By Crystal Lindell
Utah is piloting a new AI-driven prescription drug service that enables patients to bypass in-person doctor visits when needing refills for chronic conditions. The program, powered by Doctronic, a telehealth service, utilizes artificial intelligence to simulate a healthcare provider by asking patients the standard questions typically posed during refill appointments.

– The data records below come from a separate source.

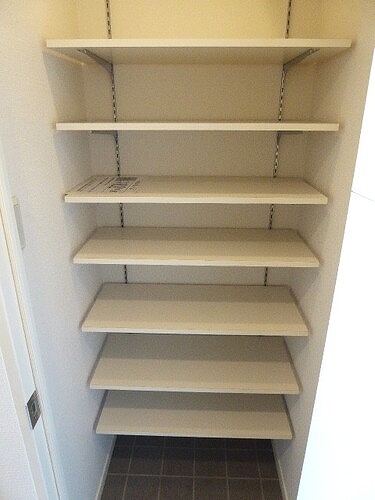 ライオンズステーションプラザ溝の口セントラルアベニュー11階 シューズインクロゼット(玄関)内装後 ※2023年11月写真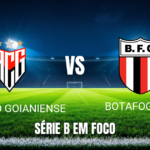 Onde Assistir Atlético-GO x Botafogo-SP: Palpite, escalações e mais - 25/08/2026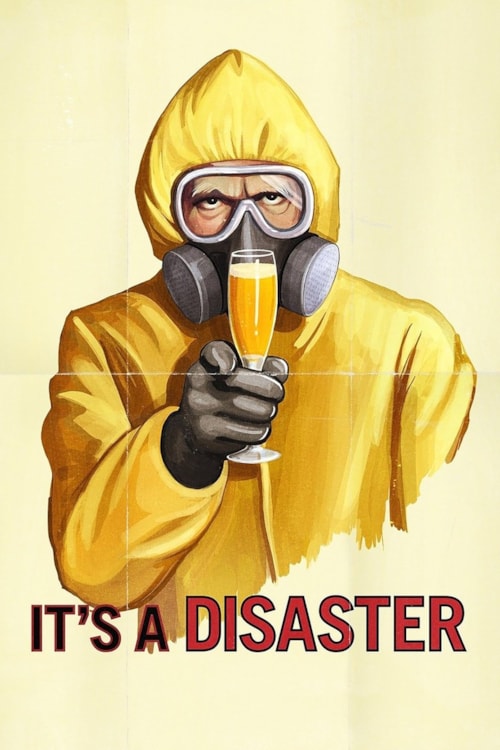 It's a Disaster poster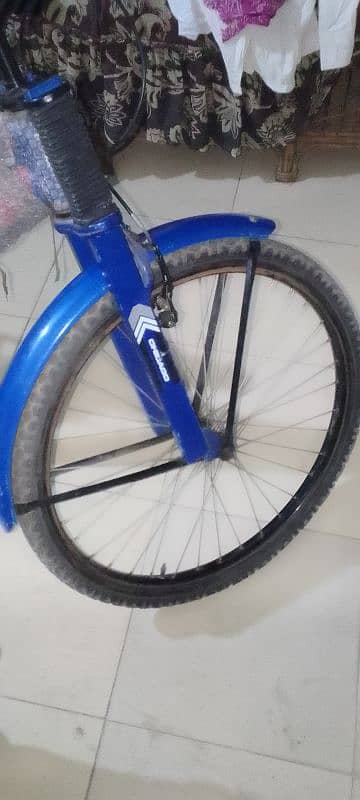 Chicago Blue Bicycle 26 inch 2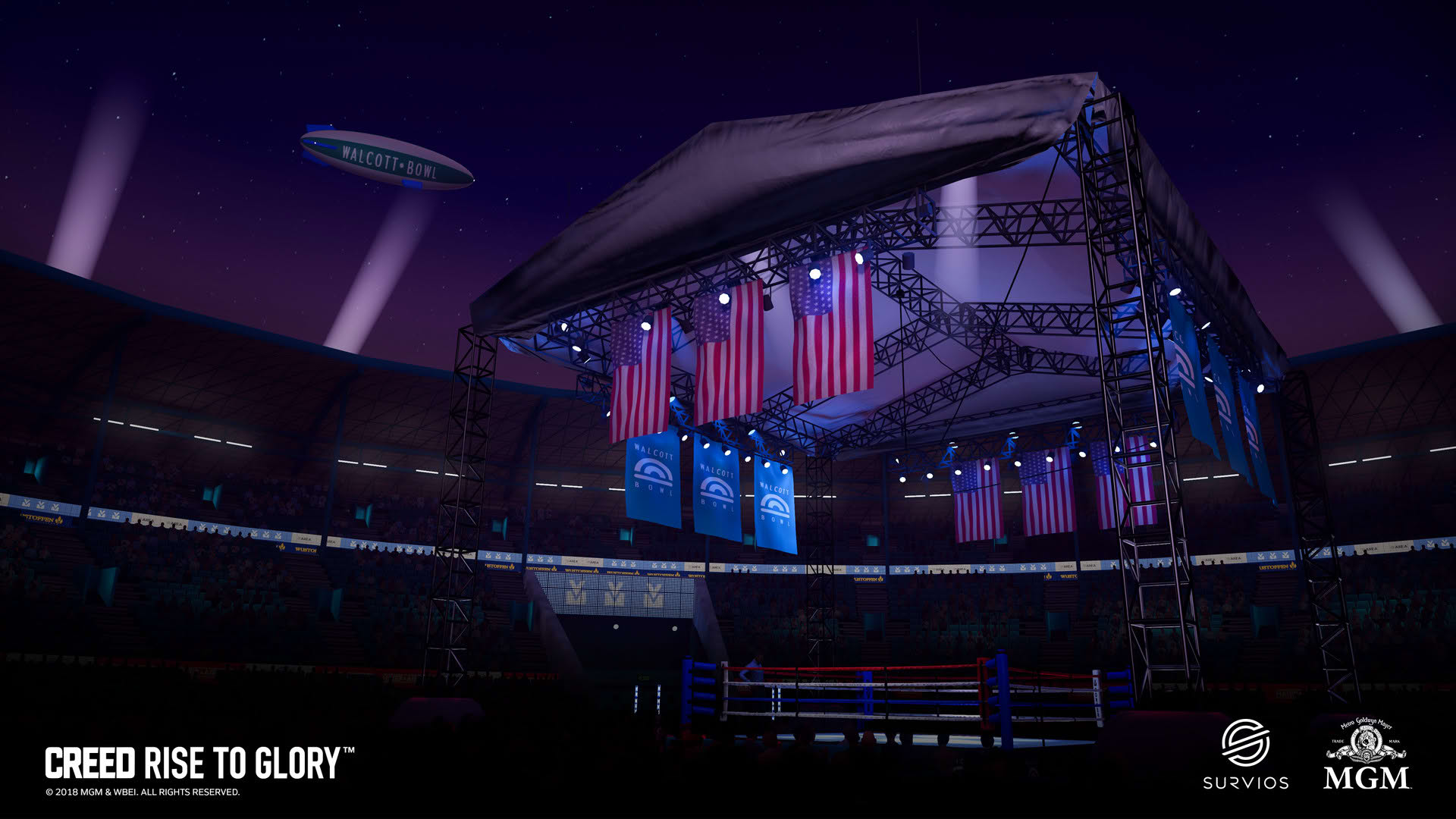 Screenshot for Creed: Rise to Glory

The refill process is designed to take less than five minutes, with Doctronic charging a nominal fee of $4 for the service. “If you’re in the state of Utah and you need, say, a statin renewed because you have high cholesterol and your prescription no longer has available refills, you can talk to our AI,” said Matt Pavelle, Co-CEO of Doctronic, in an interview with ABC4 in Salt Lake City. “It’s going to lead you through the process as a human doctor would, ask all of the right questions, look up all the right interactions, make sure that it’s safe for you…to receive that renewal. It will approve that and send it to a pharmacy in Utah for you.”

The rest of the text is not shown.